Steve Slowick is OK with growth in South Hall County, but he favors the kind that meets, and doesn’t exceed, residents’ needs.
“Our area needs restaurants and hotels. Those things have come and flourished,” he said. “If we don’t control it, then we just become another overpopulated, overgrown metro Atlanta city.”
As head of the homeowners association in his neighborhood, Grandview Estates, Slowick took up the unsuccessful fight last week to stop a rezoning off nearby Spout Springs Road for the development of a new apartment complex.
With development or talk of growth starting to percolate after five years of economic downturn, other residents as well are starting to stiffen up, or at least cast a wary eye to what might be coming to their backyard.
Janice Stever has lived off Jim Crow Road, which runs from Flowery Branch to Lake Lanier, for about 13 years. She got a big taste of overwhelming growth when she lived for three years in Hall’s busy neighbor to the south, Gwinnett County.

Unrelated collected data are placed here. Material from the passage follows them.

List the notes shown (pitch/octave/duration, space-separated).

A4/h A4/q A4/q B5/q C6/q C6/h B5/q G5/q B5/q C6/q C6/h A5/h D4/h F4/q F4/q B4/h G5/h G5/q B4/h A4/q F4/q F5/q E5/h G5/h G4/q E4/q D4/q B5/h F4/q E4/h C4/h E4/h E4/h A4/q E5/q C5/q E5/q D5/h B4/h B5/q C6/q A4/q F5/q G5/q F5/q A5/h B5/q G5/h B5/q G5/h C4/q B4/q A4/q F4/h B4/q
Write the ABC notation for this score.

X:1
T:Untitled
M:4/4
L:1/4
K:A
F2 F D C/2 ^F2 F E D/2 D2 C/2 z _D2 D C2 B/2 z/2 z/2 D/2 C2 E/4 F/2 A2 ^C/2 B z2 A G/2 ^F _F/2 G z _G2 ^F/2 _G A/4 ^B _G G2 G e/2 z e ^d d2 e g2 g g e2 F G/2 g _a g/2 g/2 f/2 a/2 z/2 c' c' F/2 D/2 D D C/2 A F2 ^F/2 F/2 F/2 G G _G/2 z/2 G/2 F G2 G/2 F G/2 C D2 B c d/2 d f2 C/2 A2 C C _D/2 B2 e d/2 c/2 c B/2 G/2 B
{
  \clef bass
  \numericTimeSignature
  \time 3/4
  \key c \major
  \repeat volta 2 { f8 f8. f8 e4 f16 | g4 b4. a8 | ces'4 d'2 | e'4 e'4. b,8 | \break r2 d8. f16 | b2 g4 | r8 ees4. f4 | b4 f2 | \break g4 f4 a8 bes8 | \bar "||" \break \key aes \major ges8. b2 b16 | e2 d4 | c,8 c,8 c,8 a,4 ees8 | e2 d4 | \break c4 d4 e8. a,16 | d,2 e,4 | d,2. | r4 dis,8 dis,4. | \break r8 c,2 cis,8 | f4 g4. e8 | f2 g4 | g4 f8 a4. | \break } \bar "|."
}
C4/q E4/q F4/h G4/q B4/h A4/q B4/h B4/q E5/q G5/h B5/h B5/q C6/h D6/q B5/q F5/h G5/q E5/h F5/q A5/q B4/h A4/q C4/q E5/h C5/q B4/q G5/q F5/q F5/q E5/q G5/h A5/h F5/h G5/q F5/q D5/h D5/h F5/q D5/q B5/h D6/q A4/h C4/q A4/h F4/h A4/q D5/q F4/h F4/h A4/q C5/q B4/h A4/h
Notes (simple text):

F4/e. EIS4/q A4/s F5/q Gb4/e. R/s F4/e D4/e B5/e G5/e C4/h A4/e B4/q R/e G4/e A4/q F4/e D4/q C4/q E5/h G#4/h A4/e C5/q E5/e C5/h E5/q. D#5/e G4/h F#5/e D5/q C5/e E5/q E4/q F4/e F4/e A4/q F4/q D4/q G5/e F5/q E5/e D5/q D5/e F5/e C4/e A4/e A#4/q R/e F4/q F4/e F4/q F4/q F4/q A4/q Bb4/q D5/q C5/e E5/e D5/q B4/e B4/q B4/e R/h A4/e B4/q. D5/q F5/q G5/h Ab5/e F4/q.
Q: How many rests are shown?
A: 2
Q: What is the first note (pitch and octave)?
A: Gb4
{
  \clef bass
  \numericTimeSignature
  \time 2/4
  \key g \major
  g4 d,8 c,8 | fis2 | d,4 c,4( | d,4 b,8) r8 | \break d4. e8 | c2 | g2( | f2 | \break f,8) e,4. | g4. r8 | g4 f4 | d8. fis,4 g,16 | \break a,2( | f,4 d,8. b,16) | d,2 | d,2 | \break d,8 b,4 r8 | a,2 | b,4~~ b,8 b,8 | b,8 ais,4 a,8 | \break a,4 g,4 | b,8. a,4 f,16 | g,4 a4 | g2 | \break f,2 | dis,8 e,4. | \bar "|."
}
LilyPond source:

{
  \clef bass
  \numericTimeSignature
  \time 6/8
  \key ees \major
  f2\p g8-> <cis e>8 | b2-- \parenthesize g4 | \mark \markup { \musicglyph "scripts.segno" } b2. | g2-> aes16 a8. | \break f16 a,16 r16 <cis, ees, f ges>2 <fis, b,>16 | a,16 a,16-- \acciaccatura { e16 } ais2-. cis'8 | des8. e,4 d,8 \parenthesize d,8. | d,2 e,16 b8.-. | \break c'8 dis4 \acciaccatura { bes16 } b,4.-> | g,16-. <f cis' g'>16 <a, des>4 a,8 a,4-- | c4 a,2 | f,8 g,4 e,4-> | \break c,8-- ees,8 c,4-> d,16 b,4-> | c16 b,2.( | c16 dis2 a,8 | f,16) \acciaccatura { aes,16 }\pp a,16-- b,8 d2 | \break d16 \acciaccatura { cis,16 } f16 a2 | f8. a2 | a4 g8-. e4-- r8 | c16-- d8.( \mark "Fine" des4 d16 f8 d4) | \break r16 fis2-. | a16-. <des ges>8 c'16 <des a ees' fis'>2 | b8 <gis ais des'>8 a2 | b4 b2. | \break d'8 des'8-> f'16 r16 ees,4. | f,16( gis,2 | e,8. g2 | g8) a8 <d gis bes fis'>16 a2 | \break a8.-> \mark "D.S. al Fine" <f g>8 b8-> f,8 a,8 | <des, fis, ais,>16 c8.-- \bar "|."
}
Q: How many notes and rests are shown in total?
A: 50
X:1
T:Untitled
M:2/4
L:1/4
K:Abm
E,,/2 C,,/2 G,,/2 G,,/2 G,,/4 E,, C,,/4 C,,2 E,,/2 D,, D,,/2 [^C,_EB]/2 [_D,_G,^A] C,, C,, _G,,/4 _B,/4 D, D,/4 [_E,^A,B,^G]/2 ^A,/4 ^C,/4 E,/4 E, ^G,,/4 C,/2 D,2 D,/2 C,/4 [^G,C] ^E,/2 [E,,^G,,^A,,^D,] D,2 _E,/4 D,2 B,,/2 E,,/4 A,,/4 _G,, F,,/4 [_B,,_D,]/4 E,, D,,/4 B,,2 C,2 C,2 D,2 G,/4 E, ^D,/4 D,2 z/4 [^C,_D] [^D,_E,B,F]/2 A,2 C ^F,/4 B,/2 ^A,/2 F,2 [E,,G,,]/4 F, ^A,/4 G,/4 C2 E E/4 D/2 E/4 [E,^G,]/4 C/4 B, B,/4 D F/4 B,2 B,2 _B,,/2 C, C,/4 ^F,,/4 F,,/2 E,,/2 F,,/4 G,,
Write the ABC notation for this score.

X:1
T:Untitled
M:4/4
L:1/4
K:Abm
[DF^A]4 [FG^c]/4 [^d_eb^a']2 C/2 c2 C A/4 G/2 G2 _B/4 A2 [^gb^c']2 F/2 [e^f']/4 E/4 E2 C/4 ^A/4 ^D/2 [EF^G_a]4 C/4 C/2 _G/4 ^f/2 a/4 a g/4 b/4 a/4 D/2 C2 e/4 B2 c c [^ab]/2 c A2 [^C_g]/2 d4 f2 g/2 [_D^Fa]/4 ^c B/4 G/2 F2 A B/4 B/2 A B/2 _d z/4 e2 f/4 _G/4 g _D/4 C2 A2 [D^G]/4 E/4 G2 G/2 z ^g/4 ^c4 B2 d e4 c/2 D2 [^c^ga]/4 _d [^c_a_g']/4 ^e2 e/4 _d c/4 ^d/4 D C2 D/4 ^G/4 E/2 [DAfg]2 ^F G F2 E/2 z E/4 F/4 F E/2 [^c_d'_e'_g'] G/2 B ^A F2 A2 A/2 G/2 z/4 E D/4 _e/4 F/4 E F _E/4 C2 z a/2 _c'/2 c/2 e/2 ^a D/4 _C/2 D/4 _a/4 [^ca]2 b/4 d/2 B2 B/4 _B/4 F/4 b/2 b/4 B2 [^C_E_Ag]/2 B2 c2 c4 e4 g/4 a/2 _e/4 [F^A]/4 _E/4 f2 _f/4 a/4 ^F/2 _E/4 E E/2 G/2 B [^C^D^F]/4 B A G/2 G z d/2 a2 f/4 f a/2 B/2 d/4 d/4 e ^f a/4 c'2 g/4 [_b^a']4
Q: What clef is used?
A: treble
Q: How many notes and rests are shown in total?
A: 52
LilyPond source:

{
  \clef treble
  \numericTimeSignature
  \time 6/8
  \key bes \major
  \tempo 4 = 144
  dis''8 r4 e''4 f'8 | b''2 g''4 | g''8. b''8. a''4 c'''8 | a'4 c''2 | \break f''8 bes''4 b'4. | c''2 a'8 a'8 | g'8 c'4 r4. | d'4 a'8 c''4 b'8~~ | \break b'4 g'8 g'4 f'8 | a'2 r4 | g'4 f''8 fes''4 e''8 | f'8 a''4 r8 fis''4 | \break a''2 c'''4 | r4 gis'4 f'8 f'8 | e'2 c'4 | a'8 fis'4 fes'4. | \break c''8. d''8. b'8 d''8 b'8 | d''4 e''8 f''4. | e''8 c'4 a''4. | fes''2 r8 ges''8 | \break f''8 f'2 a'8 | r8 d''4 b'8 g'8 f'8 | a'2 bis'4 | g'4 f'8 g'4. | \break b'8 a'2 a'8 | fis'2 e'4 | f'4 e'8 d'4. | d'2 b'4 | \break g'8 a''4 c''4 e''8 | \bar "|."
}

“We need to control the growth. Eventually someone is going to come in here and force it if we don’t grow under more careful planning,” she said. “Eventually, growth will happen, whether it is something we like or not.”
Before the economic woes, South Hall was rapidly becoming a bedroom community, with subdivisions dotting the landscape between Gwinnett and Oakwood.
The population surged, marked by mega-neighborhoods such as Sterling on the Lake and Reunion. Mundy Mill subdivision loomed as another large residential development on the southern tip of Gainesville at the Oakwood border.
Retail started to take shape in some corners, particularly with Stonebridge Village off Spout Springs at Interstate 985 in Flowery Branch.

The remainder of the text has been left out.